Calculus: Applications of Trig

[erik05]

Hello all. I have a test on these type of questions coming up soon :grumpy: and this is about the time when frustration sets in since I'm not very good at these questions. If anyone could show me how to do them so I could study off it then you would be my hero.

1) A wall of height 8 m stands parallel to and 27 m from a tall building. A ladder with its foot on the ground is to pass over the wall and lean on the building. What angle will the shortest such ladder make with the ground? Ans: 0.58800

I think to get to the right answer, you have to end up with tanx= 2/3 and take the inverse to get 0.58800. Not quite sure how to get to that though.
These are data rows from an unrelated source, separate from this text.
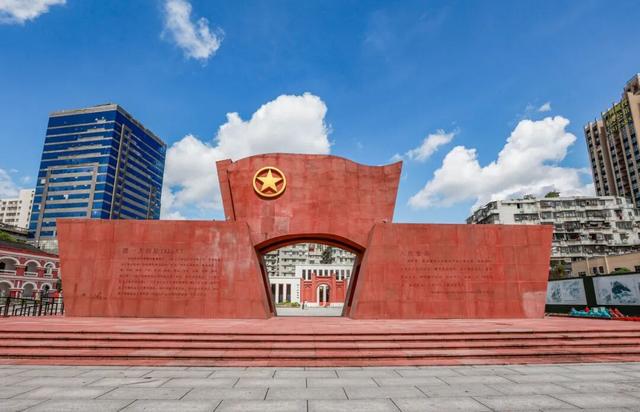 解闷必备！老城区徒步路线+2，探秘“百变”视觉廊道！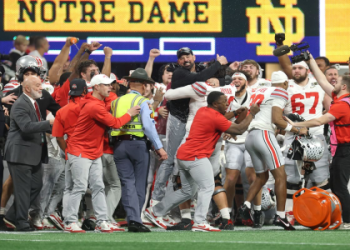 Did Kirk Herbstreit play NFL professionally? Get the straightforward facts about his actual football playing days.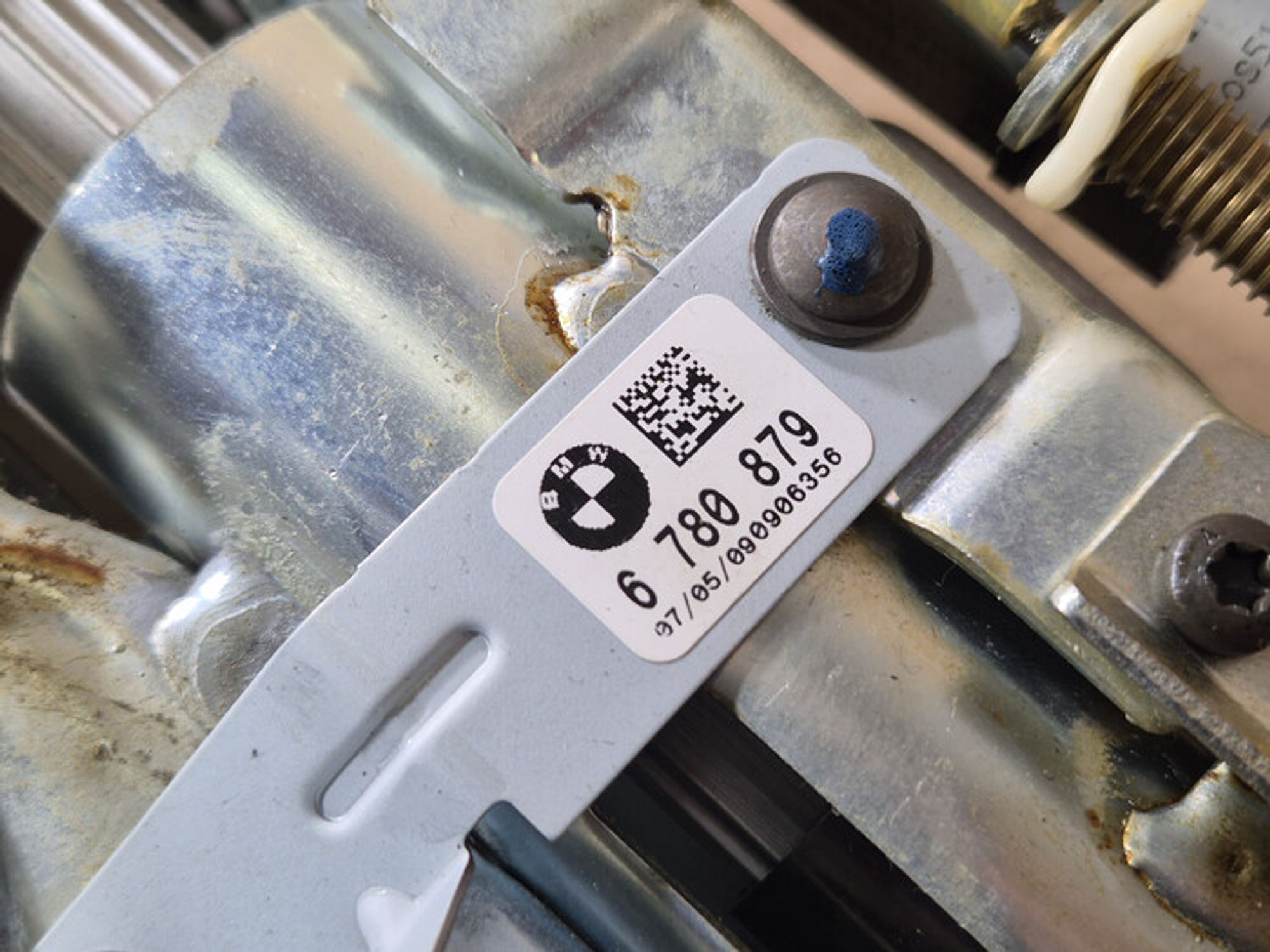 https://ycs.partsauto.market/partsauto-images/thmbs/78ee0fb3787e2dce013ed29fc8a1120c/7f7a574dd2d1e34aca81a5e62c1d8e0b/1e83e3d0d71aa99ec70ff4dae69ca288.jpg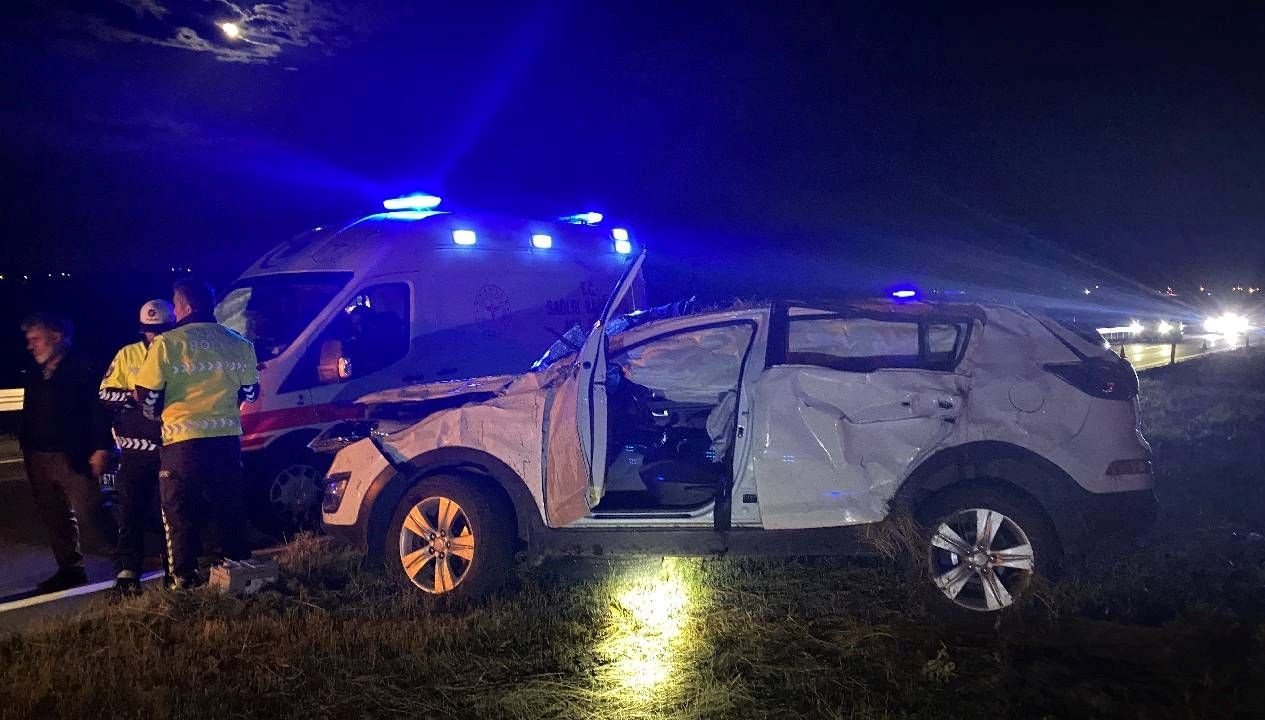Refüje çarpmanın feci sonuçları: 1 hayatını kaybetti, 4 kişi yaralandı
2) A kite 40 m above the ground moves horizontally at the rate of 3 m/s. At what rate is the angle between the string and the horizontal decreasing when 80 m of string has been let out? Ans: 0.02 m/s

So far all I have is a triangle with a=40, b=x, c= 80 so cosØ= x/80. Taking the derivative: dx/dt= 80-sinØ dØ/dt. This was where I got stuck.

3) Two sides of a triangle are 6 and 8 metres in length. If the angle between them decreases at the rate of 0.035 rad/s, find the rate at which the area is decreasing when the angle between the sides of fixed length is $$\frac {\pi}{6}$$ ? Ans:0.727 m^2/min

Would the cosine law be involved in this to find dA/dt?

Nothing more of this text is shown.